We komen bijeen op café zoals ze in Antwerpen zeggen. Vastelaovendj heeft onmiskenbaar iets ranzigs. Niet zo erg als de zweinerij in Aalst, maar toch. Een bruine soep waar de wereld langzaam in verzuipt. De troep rukt elke dag op, kruipt overal in. Omgeven door een muffe walm van pils en groene zeep. En bierscheten. Kristus, degene die het rookverbod bedacht heeft is carnavalsdinsdagsmorgens nog nooit in een kroeg geweest.
Vastelaovesdinsdig zit er verder maar een ding op: veel spelen. De cadans van de dieke tróm houdt ons aan het lopen. Ze loopt in onze plaats, links-rechts-links-rechts…linkerbein rechterbein…pas gewasse zeker…Gelaen waggelt… wij waggelen ook. Blijven bewegen, blijven drinken, geen concessies doen.
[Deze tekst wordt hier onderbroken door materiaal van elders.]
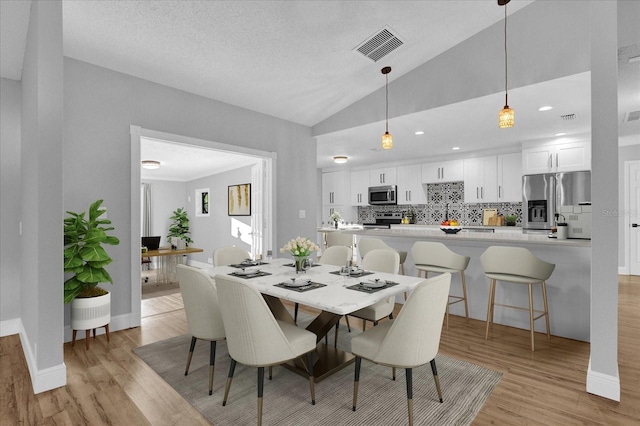 dining room featuring a textured ceiling, light hardwood / wood-style floors, and high vaulted ceiling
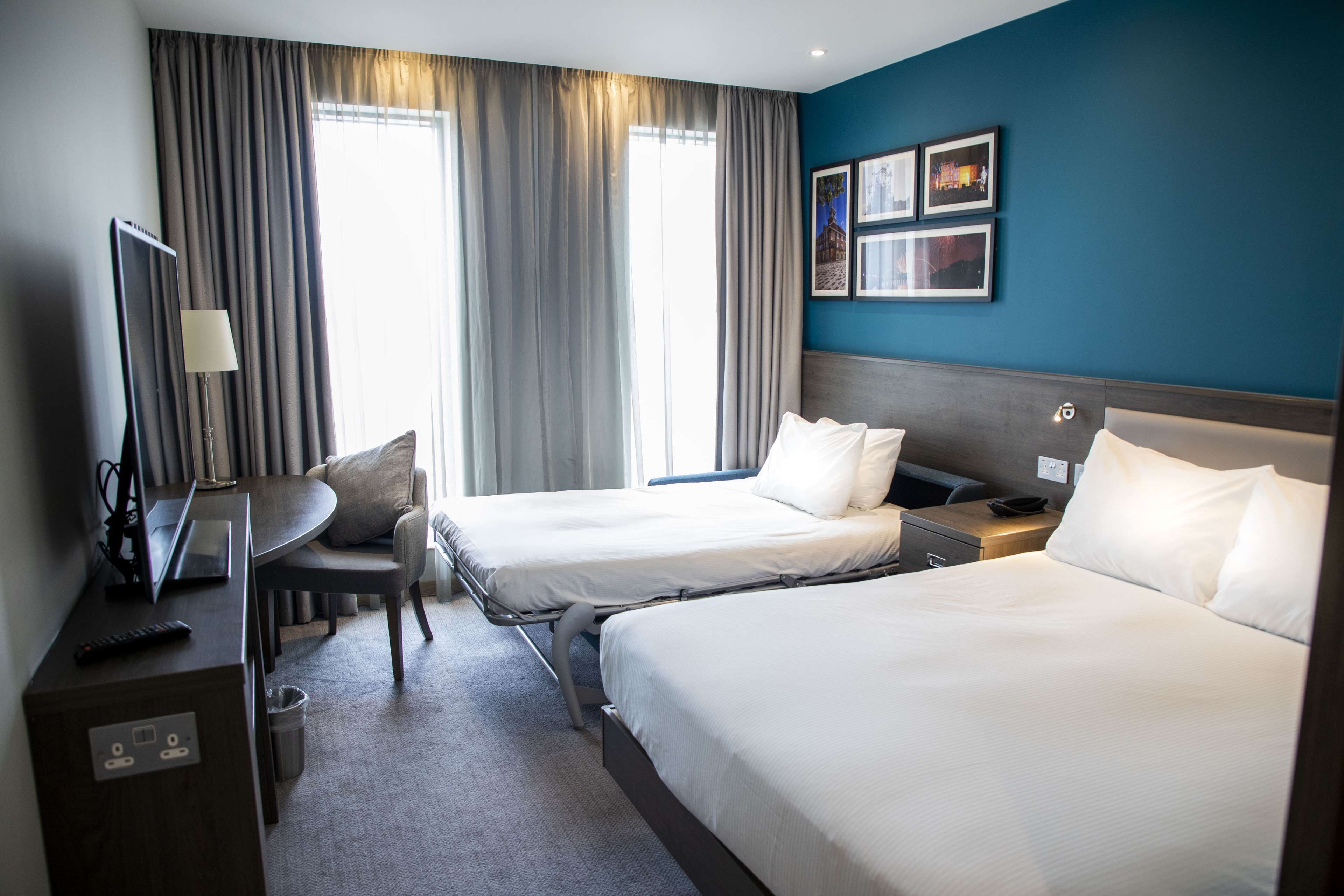 A hotel room with two beds, a desk, a chair, and a TV.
Doorspelen, blijven doorspelen. Het gezamenlijke diner sla ik over. Het gevaar op inkakken is te groot. De tijd die ik heb benut ik maximaal; leg Ladyface alvast in de kroeg waar we na het eten naartoe gaan. Drink er een paar met kastelein Pelle. Toffe gast, snapt het. Snapt mij. Ik ga toch snel even naar huis, schrok wat vitaminerijks naar binnen en twintig minuten later sta ik er weer. Doorgaan.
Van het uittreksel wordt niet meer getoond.